Le jour me lève, je cours, travaille, me glisse, m'insinue dans le flot des minutes, m'essouffle, piétine, cours, travaille, travaille.
Pas content le boss ?
Pas contente mon amour ?
Et les rires, les rires où sont-ils ? Dit l'homme assis sur un recoin aigre de sa mémoire.
Ce soir, le ciel est courroucé. Le lézard, le chat, le frigidaire, le petit frère et les trois sœurs, tous, sont assoiffés. Ils boivent, ils mangent tes heures et des quenelles, du chocolat
et des couleuvres, mais face à l'infini des désirs, ta vie est petite, si petite que tu la logerais dans une peau de chagrin. Et tu cours, tu cours, t'arrimes, t'éreintes à en faire plus et
plus…
Tu es seul sur la ligne d'horizon et le jour recule.
Le soleil est trop gris, le tablier usé. Et toi, toi tu en as assez, tu as envie de tout poser, de jeter le marteau et l'enclume, de retirer les doigts, et d'aller dormir.

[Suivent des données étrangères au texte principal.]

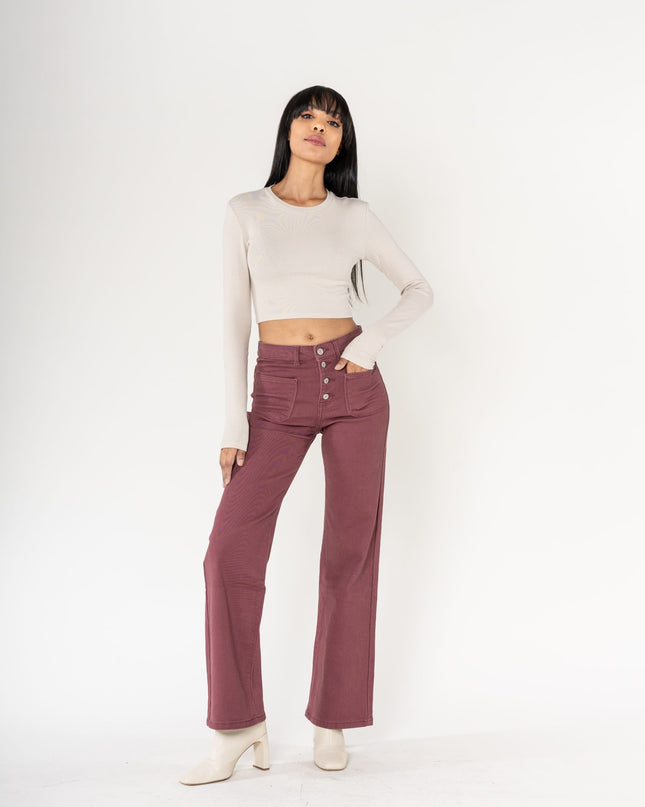 Wholesale coloured plum super wide leg jeans with high rise and buttons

Déjà au matin lundi est là, et tu as une overdose de vie. Tu veux fermer les yeux, fermer le jour, fermer la vie. Courir plus loin que Las Planas, plus loin que le Mont-Blanc, plus loin que
Valparaiso, tu as de la neige dans tes cheveux, tu te sens petit, trop petit, et tes épaules sont étroites, trop étroites, ton genou est malade, tu ne veux plus courir. Les exigences sont
grandes, trop grandes, et tes jours trop courts.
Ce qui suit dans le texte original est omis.